When you move the time marker to a point in the past (for Services/Roles that support health history), the Health Status clearly indicates that it is referring to a past time. A Now button () allows you to quickly switch to view the current state of the service. In addition, the Actions menu is disabled while you are viewing status in the past – to ensure that you cannot accidentally take an action based on outdated status information.
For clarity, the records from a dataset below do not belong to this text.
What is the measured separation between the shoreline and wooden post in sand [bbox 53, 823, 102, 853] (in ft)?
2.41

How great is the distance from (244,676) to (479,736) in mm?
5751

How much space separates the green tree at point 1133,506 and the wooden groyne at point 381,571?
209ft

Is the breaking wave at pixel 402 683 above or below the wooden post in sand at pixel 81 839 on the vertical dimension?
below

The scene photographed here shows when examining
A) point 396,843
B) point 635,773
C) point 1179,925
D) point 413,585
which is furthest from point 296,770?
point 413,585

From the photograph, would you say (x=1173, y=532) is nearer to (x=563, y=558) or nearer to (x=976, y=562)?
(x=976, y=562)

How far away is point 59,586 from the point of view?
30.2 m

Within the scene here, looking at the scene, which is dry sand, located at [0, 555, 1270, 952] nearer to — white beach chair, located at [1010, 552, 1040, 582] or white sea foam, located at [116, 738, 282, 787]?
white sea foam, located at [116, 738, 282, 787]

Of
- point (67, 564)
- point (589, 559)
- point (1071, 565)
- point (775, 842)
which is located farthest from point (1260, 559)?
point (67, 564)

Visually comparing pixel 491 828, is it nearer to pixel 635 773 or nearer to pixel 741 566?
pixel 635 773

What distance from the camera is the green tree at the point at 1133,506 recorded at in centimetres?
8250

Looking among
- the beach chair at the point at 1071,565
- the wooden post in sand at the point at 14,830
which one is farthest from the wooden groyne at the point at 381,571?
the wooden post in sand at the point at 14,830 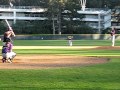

See Time Line for more details.

Status Summary

The Status Summary shows the status of each service instance being managed by Cloudera Manager. Even services such as Hue, Oozie, or YARN (which are not monitored by Cloudera Manager) show a status summary. The overall status for a service is a roll-up of the health check results for the service and all its role instances. The Status can be:

Table 1. Status
Icon Status Description

Started with outdated configuration For a service, this indicates the service is running, but at least one of its roles is running with a configuration that does not match the current configuration settings in Cloudera Manager. For a role, this indicates a configuration change has been made that requires a restart, and that restart has not yet occurred.
Starting or stopping The entity is starting up but is not yet running or the service or role is stopping but has not stopped yet.
Stopped The entity is stopped, as expected.
Down The entity is not running, but it is expected to be running.
History not available The application is in historical mode, and the entity does not have historical monitoring support. This is the case for services other than HDFS, MapReduce and HBase such as ZooKeeper, Oozie, or Hue .
Status not available The entity is not started or stopped in the same way as a regular service or role. Examples are the HDFS Balancer (which runs from the HDFS Rebalance action) or Gateway roles. The Start and Stop commands are not applicable to these instances.
None The entity does not have a status. For example, it is not something that can be running and it cannot have health.
Good health The entity is running with good health. For a specific health check, the returned result is normal or within the acceptable range. For a role or service, this means all health checks for that role or service are Good.
   Concerning health The entity is running with concerning health. For a specific health check, the returned result indicates a potential problem. Typically this means the test result has gone above (or below) a configured Warning threshold. For a role or service, this means that at least one health check is Concerning.
Bad health The entity is running with bad health. For a specific health check, the check failed, or the returned result indicates a serious problem. Typically this means the test result has gone above (or below) a configured Critical threshold. For a role or service, this means that at least one health check is Bad.
Disabled health The entity is running, but all of its health checks are disabled.
Unknown health The entity is running, but there is not enough information to determine its health.
Unknown Status of a service or role or service instance is unknown. This can occur for a number of reasons, such as the Service Monitor is not running, or connectivity to the agent doing the health monitoring has been lost.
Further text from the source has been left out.